======== Extracted entries ========

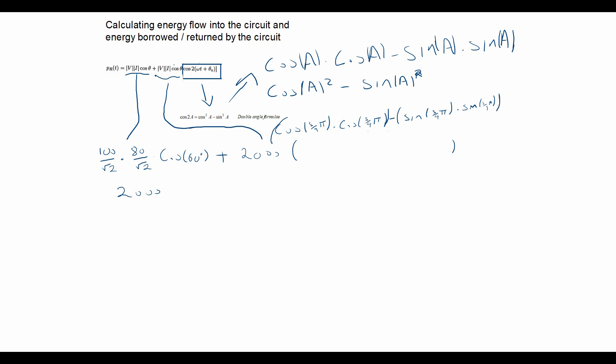Which is equal to minus 0.9396, equal to 1879.44 plus 2000 equals 3879.44 watts.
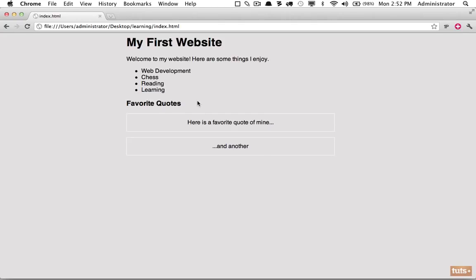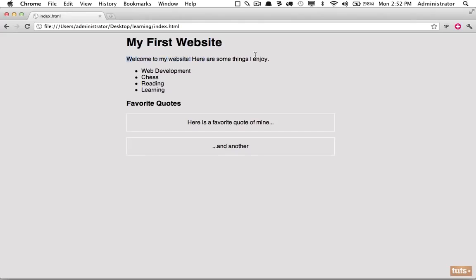It's helpful to describe what each section is. For example, we have our body which is this whole window here, and it looks like it has a different background color. Then we have a top level heading here, and then a little bit that describes our website—a paragraph—and then we have a list of some things that I enjoy.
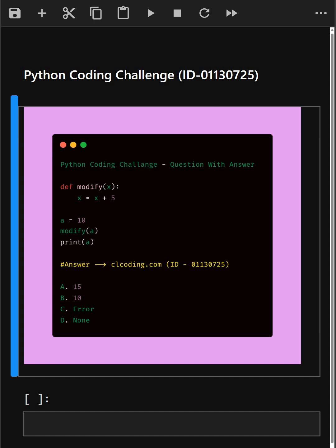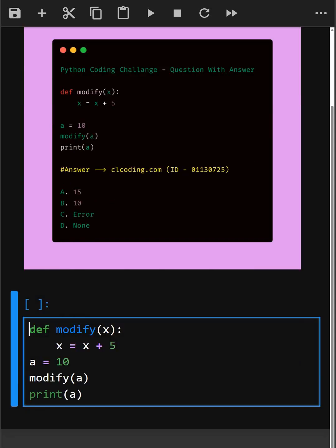Alright, so let's understand this code. So here in this code, this function takes a parameter x and adds 5 to it. But here is the key. x is a local variable inside the function. So this change only happens within the function's code.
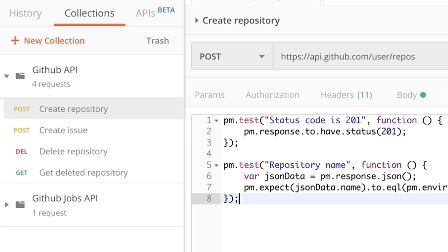We have written tests that make sure our requests work as they should. We have used variables to dynamically create custom requests and pass information from one request to the other. So we have all the bits and pieces in place to make it happen.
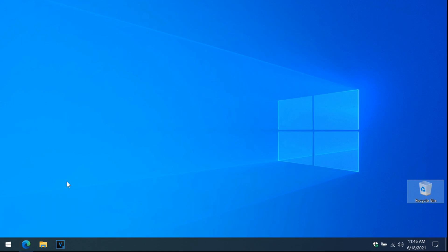By the way, Mugen only works on Windows. It doesn't work on macOS, Linux, Google Chrome OS, Android, or iOS. So if you have any of those devices and do not have a Windows computer near you, sadly, you're out of luck. Sorry.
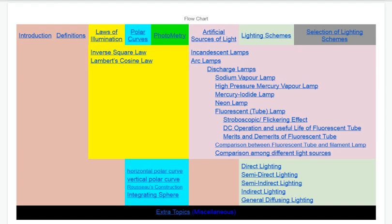Hello there! I am going to start the Illumination Engineering topic. I will discuss the first thing about Illumination Engineering. The Illumination Engineering is the study of Light. I will continue to study the definitions of Illumination Engineering — some definitions.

========

→ Work instruction:
Output all of the records word for word, and keep the pictures out of the copy.

→ Result of the exercise:
Which is equal to minus 0.9396, equal to 1879.44 plus 2000 equals 3879.44 watts.
It's helpful to describe what each section is. For example, we have our body which is this whole window here, and it looks like it has a different background color. Then we have a top level heading here, and then a little bit that describes our website—a paragraph—and then we have a list of some things that I enjoy.
Alright, so let's understand this code. So here in this code, this function takes a parameter x and adds 5 to it. But here is the key. x is a local variable inside the function. So this change only happens within the function's code.
We have written tests that make sure our requests work as they should. We have used variables to dynamically create custom requests and pass information from one request to the other. So we have all the bits and pieces in place to make it happen.
By the way, Mugen only works on Windows. It doesn't work on macOS, Linux, Google Chrome OS, Android, or iOS. So if you have any of those devices and do not have a Windows computer near you, sadly, you're out of luck. Sorry.
Hello there! I am going to start the Illumination Engineering topic. I will discuss the first thing about Illumination Engineering. The Illumination Engineering is the study of Light. I will continue to study the definitions of Illumination Engineering — some definitions.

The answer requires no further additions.